Information provided
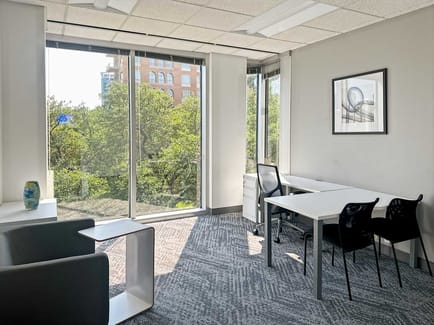 Image 7 of Regus - Turtle Creek Center - Dallas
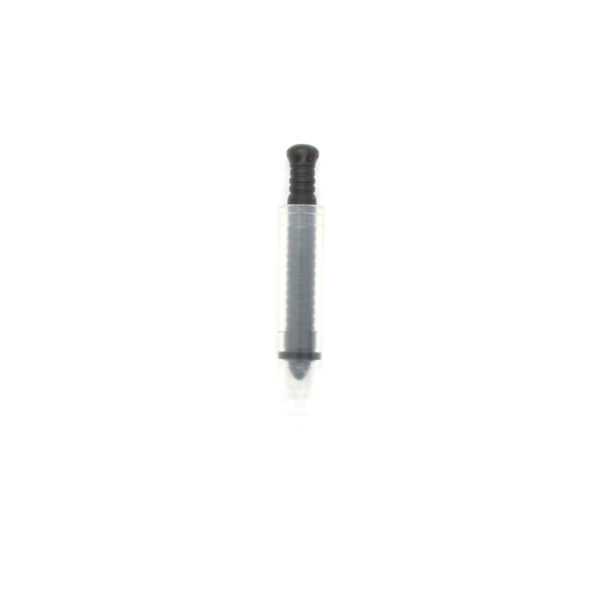 Füllhalter-Konverter für Montegrappa Mini Füllfederhalter – Bild 5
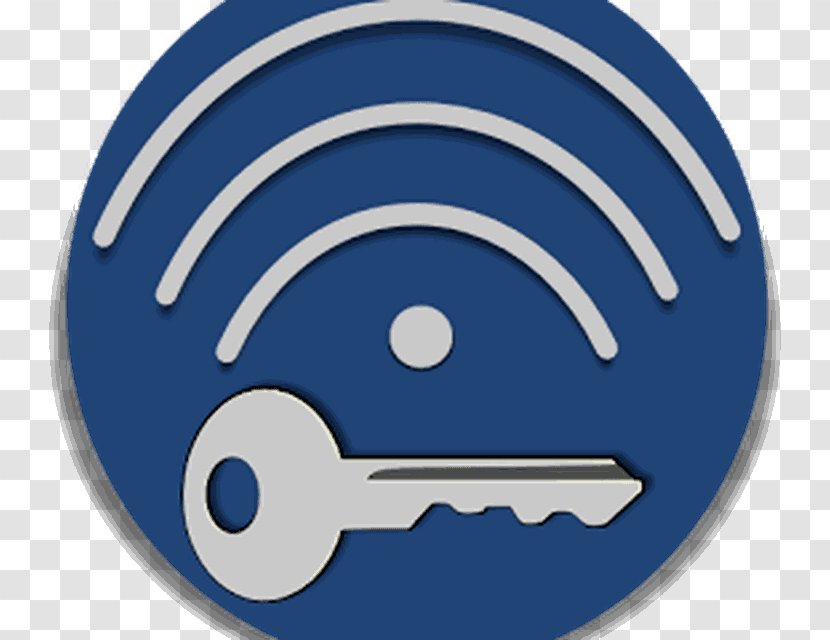 Android Router Keygen APK - Wired Equivalent Privacy Transparent PNG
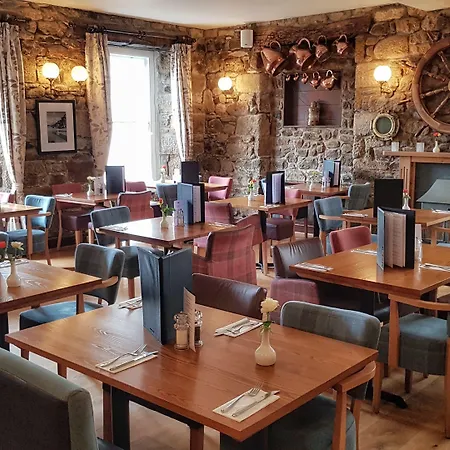 Marazion Hotel-2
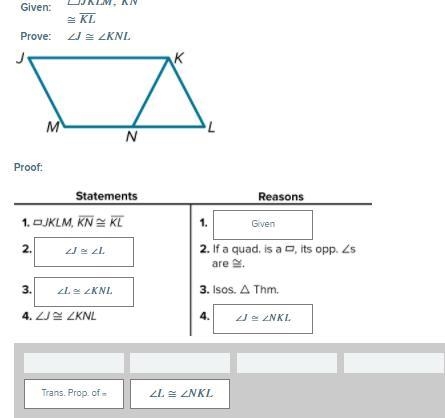 I tried the question do u guys think its correct? if not please correct it-example-1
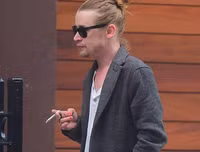 [ẢNH] Cuộc sống đầy thăng trầm của Macaulay Culkin – sao nhí phim 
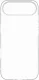 eSTUFF ES67100056-BULK #5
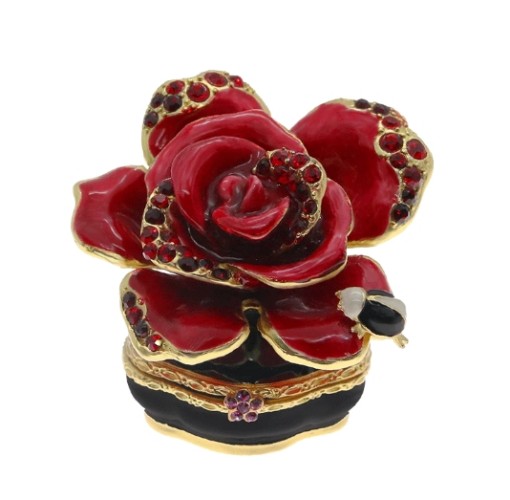 Enamel Flower Decoration (2).jpg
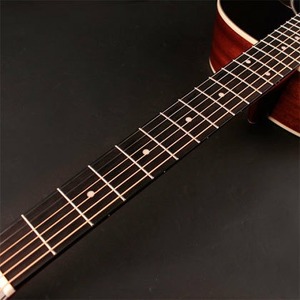 Электроакустическая гитара Cort EARTH100SSF-SB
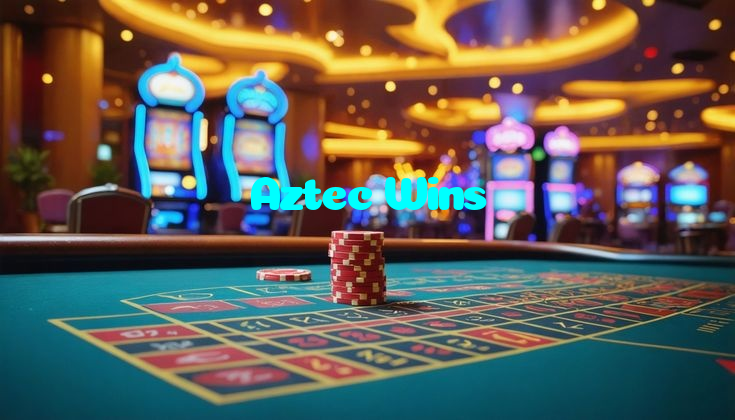 available types of Aztec Wins bet including pre-match live express and system bets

About this task
Reproduce exactly, and only, the lines that begin at the one containing "eSTUFF ES67100056-BULK #5" and end with the final line of the data, both included, while omitting every picture.

Exercise response
 eSTUFF ES67100056-BULK #5
 Enamel Flower Decoration (2).jpg
 Электроакустическая гитара Cort EARTH100SSF-SB
 available types of Aztec Wins bet including pre-match live express and system bets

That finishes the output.